Could keeping head coach Tony Sparano actually be the best choice for the Miami Dolphins in 2012?  According to ESPN Insider Chris Sprow, it might be.
Could keeping head coach Tony Sparano actually be the best choice for the Miami Dolphins in 2012? According to ESPN Insider Chris Sprow, it might be.

Could the Miami Dolphins be the Dallas Cowboys of 2010? ESPN's Chris Sprow thinks that's a very good possibility. In his article, published in ESPN's Insider section, Spraw discusses how the 2010 Cowboys, and Detroit Lions, both started that season poorly, losing early and often, before making a turn around once they were out of playoff contention, and winning some games.

As Sprow puts it, "the Dolphins suddenly look like the Dallas Cowboys or Detroit Lions of 2010, the awful-starting team that gets hot after being knocked out of playoff competition, and gets the 'Rising' label headed into the next season."

And, this is after the Dolphins disappointing loss to Cowboys on Thanksgiving Day. The Dolphins dropped the game 20-19, despite leading 19-17 until the final seconds.

Sprow continues, "A bad performance on Thanksgiving aside, Detroit actually has lived up to those expectations. It went 6-10 last year but finished hot, and already has seven wins in 2011 and a good shot at the playoffs with a young team. Same for Dallas, which started 1-7 last year, fired the coach and finished 6-10. It has also seen a carryover effect."

Sprow then poses the question: "If Sparano was a new coach hired to take over an 0-7 team, the 2010 version of Jason Garrett, who inherited Wade Phillips' 1-7 Cowboys, we'd say he deserved the credit for righting the ship. Instead, we know he also crashed it. So does he get rewarded, or ridiculed? And what about the carryover effect? Does a good second half by a bad team really say something about next year?"

What would be the right decision in Miami? To fire Sparano and start all over - or ride a waive of moment (assuming it's there) into next year with the embattled coach back for one more year?

Sprow makes a case that, despite what we as fans may think, if the Dolphins finish the year hot, and three straight wins followed by a one point loss to a probably playoff team seems to point to that happening, they should stick with Sparano and company.

By looking at the teams with the largest jump in wins from the first half of a season to the second half, and using data from the last 15-years, Sprow points out that those teams have averaged just 7.2 wins over the first season, but then jumped up to 9.2 wins the next year - a number that will increase this year assuming the Cowboys reach 10-wins. And, the majority of the "win jumps" were 3-4 wins, which the Dolphins are already reaching.

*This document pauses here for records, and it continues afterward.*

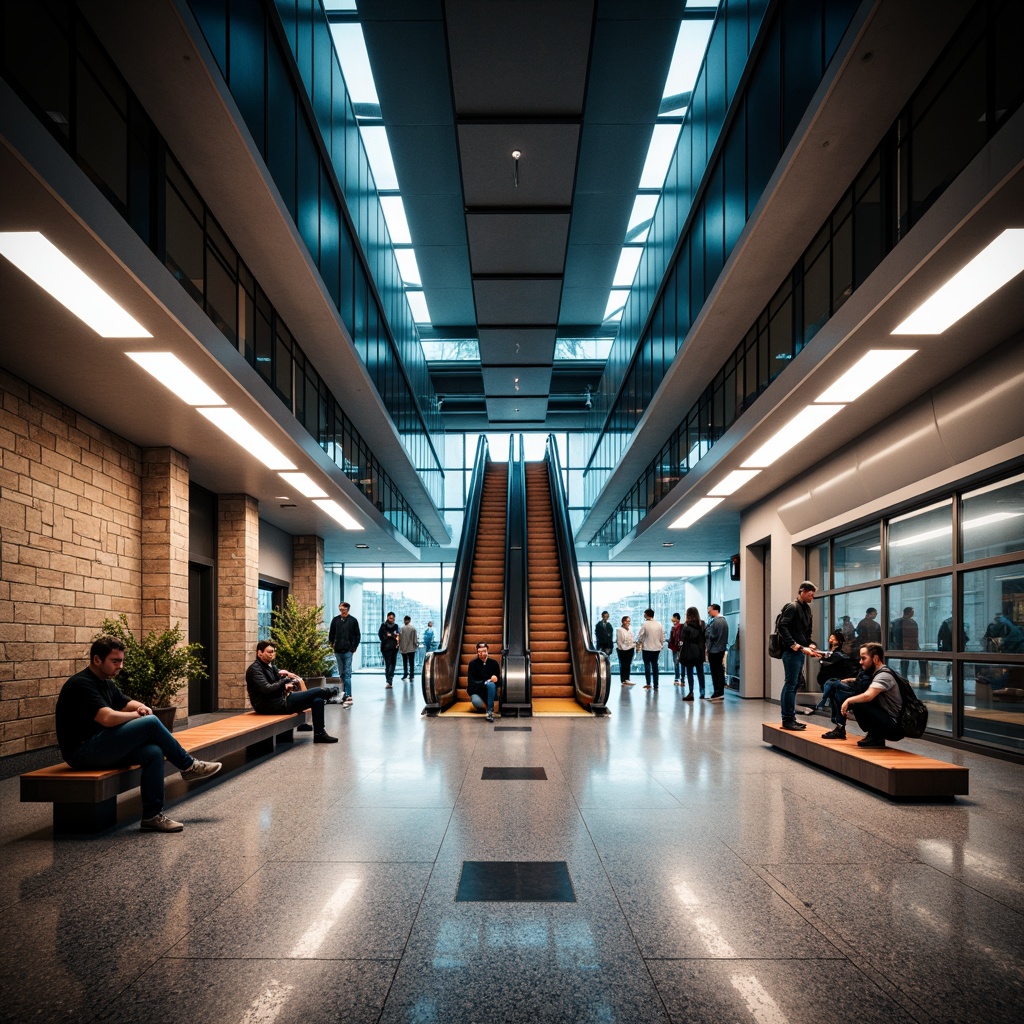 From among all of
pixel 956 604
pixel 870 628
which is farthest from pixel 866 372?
pixel 870 628

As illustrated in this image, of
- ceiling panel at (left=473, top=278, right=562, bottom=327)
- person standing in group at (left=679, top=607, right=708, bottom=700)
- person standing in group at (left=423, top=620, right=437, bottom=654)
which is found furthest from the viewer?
person standing in group at (left=423, top=620, right=437, bottom=654)

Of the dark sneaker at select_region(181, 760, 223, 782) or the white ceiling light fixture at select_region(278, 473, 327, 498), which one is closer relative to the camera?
the dark sneaker at select_region(181, 760, 223, 782)

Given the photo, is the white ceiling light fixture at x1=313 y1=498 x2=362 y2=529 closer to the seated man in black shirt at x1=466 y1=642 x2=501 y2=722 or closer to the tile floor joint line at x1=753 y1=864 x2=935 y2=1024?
the seated man in black shirt at x1=466 y1=642 x2=501 y2=722

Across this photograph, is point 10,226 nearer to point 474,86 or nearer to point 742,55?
point 474,86

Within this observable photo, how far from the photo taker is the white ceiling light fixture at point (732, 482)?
492 inches

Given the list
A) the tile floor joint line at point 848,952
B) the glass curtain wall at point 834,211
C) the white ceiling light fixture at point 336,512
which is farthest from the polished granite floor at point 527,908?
the white ceiling light fixture at point 336,512

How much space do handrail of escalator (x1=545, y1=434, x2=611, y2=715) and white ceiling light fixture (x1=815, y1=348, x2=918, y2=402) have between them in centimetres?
564

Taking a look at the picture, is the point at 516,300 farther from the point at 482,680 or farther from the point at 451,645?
the point at 482,680

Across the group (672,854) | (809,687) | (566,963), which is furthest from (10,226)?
(809,687)

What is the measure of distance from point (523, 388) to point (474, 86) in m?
11.8

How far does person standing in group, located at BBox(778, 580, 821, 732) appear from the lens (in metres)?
9.05

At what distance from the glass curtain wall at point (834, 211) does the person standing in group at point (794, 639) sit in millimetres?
2535

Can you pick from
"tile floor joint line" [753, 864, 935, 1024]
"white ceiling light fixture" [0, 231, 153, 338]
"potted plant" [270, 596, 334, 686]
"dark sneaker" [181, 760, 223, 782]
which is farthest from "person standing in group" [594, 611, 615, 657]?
"tile floor joint line" [753, 864, 935, 1024]

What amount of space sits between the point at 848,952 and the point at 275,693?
24.3 ft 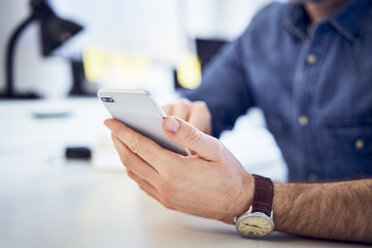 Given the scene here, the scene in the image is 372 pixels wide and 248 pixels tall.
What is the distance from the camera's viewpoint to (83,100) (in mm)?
1435

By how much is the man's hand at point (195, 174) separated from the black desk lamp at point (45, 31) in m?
0.90

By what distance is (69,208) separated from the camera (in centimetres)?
59

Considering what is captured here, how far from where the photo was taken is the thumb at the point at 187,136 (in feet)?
1.41

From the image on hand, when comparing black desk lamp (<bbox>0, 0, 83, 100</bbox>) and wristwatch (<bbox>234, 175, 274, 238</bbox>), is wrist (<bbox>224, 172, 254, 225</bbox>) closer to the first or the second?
wristwatch (<bbox>234, 175, 274, 238</bbox>)

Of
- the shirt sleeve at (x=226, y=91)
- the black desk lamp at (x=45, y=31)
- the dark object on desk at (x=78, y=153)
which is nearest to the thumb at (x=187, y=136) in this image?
the shirt sleeve at (x=226, y=91)

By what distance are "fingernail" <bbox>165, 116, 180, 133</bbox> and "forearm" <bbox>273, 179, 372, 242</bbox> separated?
0.20 m

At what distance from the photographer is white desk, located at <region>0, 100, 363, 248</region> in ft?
1.48

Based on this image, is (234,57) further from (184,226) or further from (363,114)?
(184,226)

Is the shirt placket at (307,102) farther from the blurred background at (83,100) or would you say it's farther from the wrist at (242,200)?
the wrist at (242,200)

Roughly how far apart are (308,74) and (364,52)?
15cm

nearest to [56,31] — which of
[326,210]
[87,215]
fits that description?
[87,215]

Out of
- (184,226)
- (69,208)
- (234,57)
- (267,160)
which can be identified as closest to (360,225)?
(184,226)

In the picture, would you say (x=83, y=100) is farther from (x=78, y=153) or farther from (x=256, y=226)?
(x=256, y=226)

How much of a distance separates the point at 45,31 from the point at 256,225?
117 cm
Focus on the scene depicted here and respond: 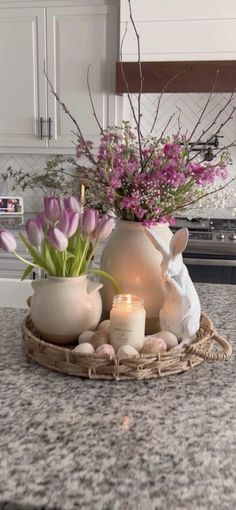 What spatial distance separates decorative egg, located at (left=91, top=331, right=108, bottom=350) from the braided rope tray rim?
0.18 ft

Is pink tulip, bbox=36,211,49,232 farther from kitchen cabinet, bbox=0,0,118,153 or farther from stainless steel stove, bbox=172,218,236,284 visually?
kitchen cabinet, bbox=0,0,118,153

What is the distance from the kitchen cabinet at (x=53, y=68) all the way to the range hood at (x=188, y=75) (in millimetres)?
317

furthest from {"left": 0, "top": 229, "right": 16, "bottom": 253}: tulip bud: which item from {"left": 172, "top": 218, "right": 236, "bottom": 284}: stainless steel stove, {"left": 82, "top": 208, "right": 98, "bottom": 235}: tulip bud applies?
{"left": 172, "top": 218, "right": 236, "bottom": 284}: stainless steel stove

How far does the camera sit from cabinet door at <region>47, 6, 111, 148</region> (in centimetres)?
280

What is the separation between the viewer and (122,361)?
2.83 ft

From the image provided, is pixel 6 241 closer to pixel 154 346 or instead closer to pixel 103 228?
pixel 103 228

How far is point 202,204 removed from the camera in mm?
1063

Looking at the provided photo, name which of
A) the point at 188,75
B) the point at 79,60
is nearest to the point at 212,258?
the point at 188,75

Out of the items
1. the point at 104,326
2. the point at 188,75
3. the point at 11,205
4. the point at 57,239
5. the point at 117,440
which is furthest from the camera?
the point at 11,205

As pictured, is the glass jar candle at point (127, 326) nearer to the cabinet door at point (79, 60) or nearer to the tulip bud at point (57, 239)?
the tulip bud at point (57, 239)

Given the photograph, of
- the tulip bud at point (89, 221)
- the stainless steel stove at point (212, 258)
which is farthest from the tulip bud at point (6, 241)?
the stainless steel stove at point (212, 258)

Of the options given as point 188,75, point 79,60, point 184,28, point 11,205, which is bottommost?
point 11,205

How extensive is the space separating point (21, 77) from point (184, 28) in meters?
1.02

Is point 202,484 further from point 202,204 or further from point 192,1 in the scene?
point 192,1
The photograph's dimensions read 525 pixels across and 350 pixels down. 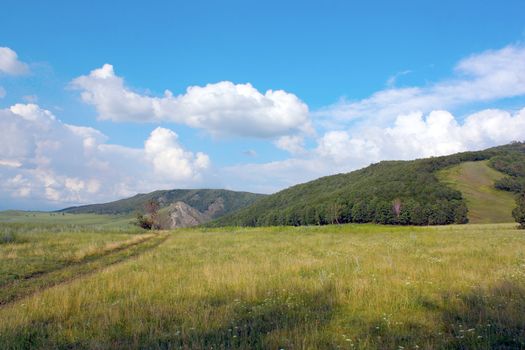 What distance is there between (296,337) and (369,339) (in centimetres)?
129

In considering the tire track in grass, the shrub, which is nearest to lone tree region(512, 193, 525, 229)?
the tire track in grass

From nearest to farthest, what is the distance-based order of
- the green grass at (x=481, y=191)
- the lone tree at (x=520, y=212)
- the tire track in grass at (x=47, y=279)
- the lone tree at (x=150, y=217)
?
the tire track in grass at (x=47, y=279)
the lone tree at (x=520, y=212)
the lone tree at (x=150, y=217)
the green grass at (x=481, y=191)

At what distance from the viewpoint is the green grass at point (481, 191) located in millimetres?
104625

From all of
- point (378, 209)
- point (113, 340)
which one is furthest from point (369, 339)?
point (378, 209)

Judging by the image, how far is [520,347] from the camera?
5555 millimetres

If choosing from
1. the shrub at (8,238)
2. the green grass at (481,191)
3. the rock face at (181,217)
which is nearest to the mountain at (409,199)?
the green grass at (481,191)

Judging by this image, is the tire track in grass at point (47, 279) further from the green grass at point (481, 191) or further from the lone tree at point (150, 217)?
the green grass at point (481, 191)

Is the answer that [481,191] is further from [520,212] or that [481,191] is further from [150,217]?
[150,217]

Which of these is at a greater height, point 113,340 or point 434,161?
A: point 434,161

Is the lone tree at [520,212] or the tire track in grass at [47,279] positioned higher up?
the tire track in grass at [47,279]

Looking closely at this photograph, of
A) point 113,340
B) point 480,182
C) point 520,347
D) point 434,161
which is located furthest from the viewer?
point 434,161

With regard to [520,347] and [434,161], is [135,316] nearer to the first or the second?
[520,347]

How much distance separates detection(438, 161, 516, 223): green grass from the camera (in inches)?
4119

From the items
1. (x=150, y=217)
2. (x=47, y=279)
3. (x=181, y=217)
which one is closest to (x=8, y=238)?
(x=47, y=279) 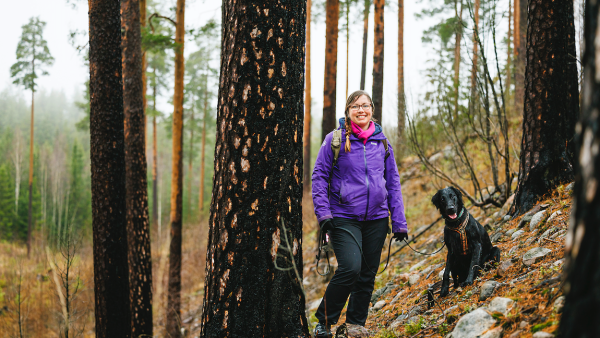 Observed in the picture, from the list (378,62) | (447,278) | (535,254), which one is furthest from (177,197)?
(535,254)

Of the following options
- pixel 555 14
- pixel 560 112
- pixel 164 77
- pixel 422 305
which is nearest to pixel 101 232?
pixel 422 305

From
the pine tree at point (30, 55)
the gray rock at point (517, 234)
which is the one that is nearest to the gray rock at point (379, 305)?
the gray rock at point (517, 234)

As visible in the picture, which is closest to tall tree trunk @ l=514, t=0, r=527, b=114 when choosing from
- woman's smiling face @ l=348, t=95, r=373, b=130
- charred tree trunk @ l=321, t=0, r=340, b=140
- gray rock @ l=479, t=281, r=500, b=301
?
charred tree trunk @ l=321, t=0, r=340, b=140

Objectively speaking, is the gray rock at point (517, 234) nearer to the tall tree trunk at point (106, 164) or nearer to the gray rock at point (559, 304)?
the gray rock at point (559, 304)

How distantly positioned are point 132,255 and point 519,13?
52.3 feet

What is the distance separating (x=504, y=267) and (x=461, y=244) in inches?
15.3

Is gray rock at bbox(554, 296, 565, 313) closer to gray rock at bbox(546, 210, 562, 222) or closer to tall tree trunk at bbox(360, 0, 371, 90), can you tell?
gray rock at bbox(546, 210, 562, 222)

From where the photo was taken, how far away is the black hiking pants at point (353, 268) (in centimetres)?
300

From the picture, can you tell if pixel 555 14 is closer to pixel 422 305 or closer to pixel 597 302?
pixel 422 305

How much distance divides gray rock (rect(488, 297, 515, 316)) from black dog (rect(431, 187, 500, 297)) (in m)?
0.89

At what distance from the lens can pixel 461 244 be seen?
3.38m

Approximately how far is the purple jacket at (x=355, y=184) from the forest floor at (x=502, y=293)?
82cm

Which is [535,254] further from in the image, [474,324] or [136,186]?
[136,186]

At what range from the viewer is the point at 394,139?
1055cm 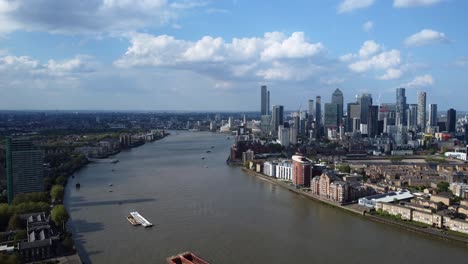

Eight teams, over the fifteen years, made the jump into the double-digit win total, with only three of those teams making coaching changes. Two of those changes were the retirements of Bill Cowher in Pittsburgh, and Tony Dungy in Indianapolis.

As Sprow puts it, "Teams that were utter disasters to begin a year and showed a very high level of improvement do show a true carryover effect, if recent history is a guide. And it's not because they either found a new coach (most were the same coaches), or dramatically shifted their personnel."

So, maybe, if the Dolphins continue to play at a level where they are competing with some of the best teams in the NFL, and with Oakland, Philadelphia, Buffalo, New England, and the New York Jets they will have their chance, Tony Sparano being kept in place isn't such a bad thing. If the Dolphins can pull off a few more wins, that might actually be a consideration for owner Stephen Ross.